Groundhog’s Day of New York politics comes in early April when the governor and state lawmakers are at loggerheads on the budget and need to do a short-term “extender.” That’s where we are this week. The state budget was supposed to be approved by April 1, but like recent ones, it’s late. The extender allows negotiators to keep working on a deal while ensuring that the state’s workers continue to be paid.
Despite the fact that some $230 billion in taxpayer monies are in play, these negotiations are conducted in secret. Secrecy allows the governor and state legislative leaders to horse trade items – some of which may have no relevance to the budget – as part of an overall budget deal. Last year’s surprise was the deal for New York taxpayers to spend hundreds of millions of dollars on a new stadium for the NFL’s Buffalo Bills.
This year’s budget is moving along more slowly than last year’s, which was put to bed on April 9th. And while the consequences for New Yorkers tend to be minor when the budget isn’t too late, the deals can have far-reaching consequences.
By definition it’s hard to know what’s going on in secret negotiations, but a fight over one deal spilled out into the public last week: Governor Hochul’s plan to weaken the state’s climate law.
First some background. In 2019, New York approved a new law that set aggressive goals to tackle the worsening climate crisis. That legislation was based on the recommendations of the world’s climate experts, most notably that the state achieve “net zero” greenhouse gas emissions by the year 2050. The 2019 law requires New York to reduce economy-wide greenhouse gas emissions 40 percent by 2030 and no less than 85 percent by 2050 over 1990 levels. The remaining 15% of emissions will be offset by things like planting trees, which take carbon dioxide out of the air, to reach net-zero emissions.
The Hochul Administration proposal would change the way the law measures greenhouse gas emissions from the current law’s 20-year accounting method to a 100-year standard. The current law smartly focuses on methane, the main component of natural gas, which is a far more potent greenhouse gas in the near term than carbon dioxide. Methane has more than 80 times the warming power of carbon dioxide over the first 20 years after it reaches the atmosphere. Even though CO2 has a longer-lasting effect, methane sets the pace for warming for two decades after release.
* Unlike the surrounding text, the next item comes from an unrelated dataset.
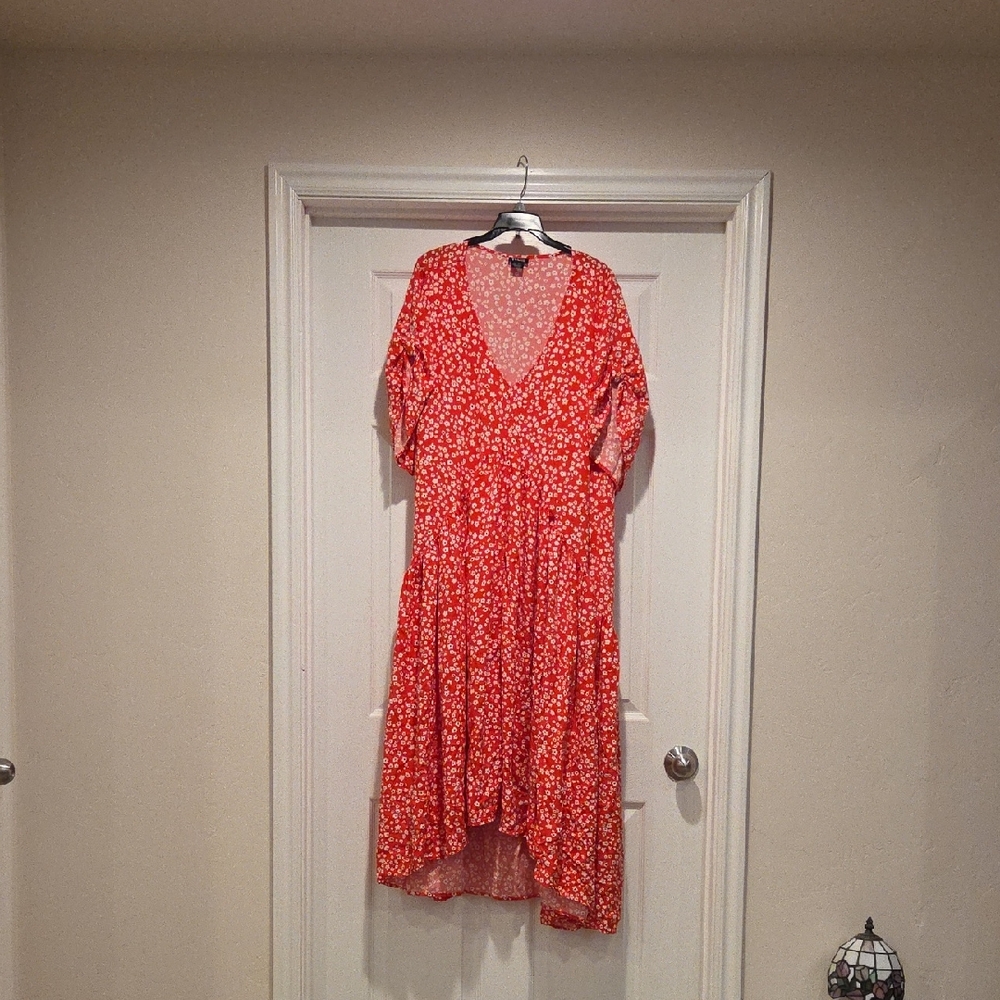 Evans Red Floral Print Dress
Thus, the lawmakers who crafted the 2019 law set a 20-year time horizon – also the timeframe climate scientists predict the world has to avoid the most devastating consequences of a heating planet.
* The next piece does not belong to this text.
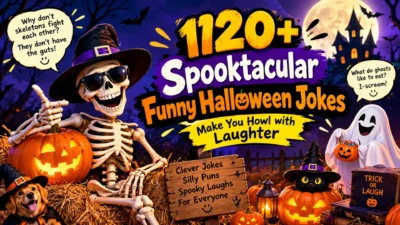 120+ funny Halloween jokes with spooky skeleton, ghost, pumpkins, and haunted house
The 2019 law also established a Climate Action Council tasked with developing a blueprint for the state to follow in meeting its climate goals. That Council didn’t recommend a change to current law – and in fact incorporated the 20-year standard into the climate plan it developed over 2½ years. And no such recommendation was included in the budget plans of the governor, Senate or Assembly.
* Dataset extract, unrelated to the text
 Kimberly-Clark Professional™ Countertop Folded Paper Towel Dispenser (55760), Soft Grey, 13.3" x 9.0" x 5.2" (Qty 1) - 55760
But thanks to secret negotiations, the governor tried to make that fundamental change – one that is supported by the fossil fuel industry, since it would be free to sell gas for a longer period.
The governor’s rationale was that keeping to current law would have a big negative impact on New Yorkers’ wallets. Of course, that issue had been raised in the Climate Action Council proceedings and until a week or so ago, all – including the governor – argued that those costs would be less than the impacts if New York did nothing.
But a week after the budget was due, the Hochul Administration advanced a near total repudiation of its earlier arguments. Now the governor argued the costs were significant and the state needed a plan to weaken the methane standard. There have been no public hearings, no public discussion in legislative committees, no public debate at all. It was put on the table in secrecy as part of the Hochul Administration’s horse-trading plan.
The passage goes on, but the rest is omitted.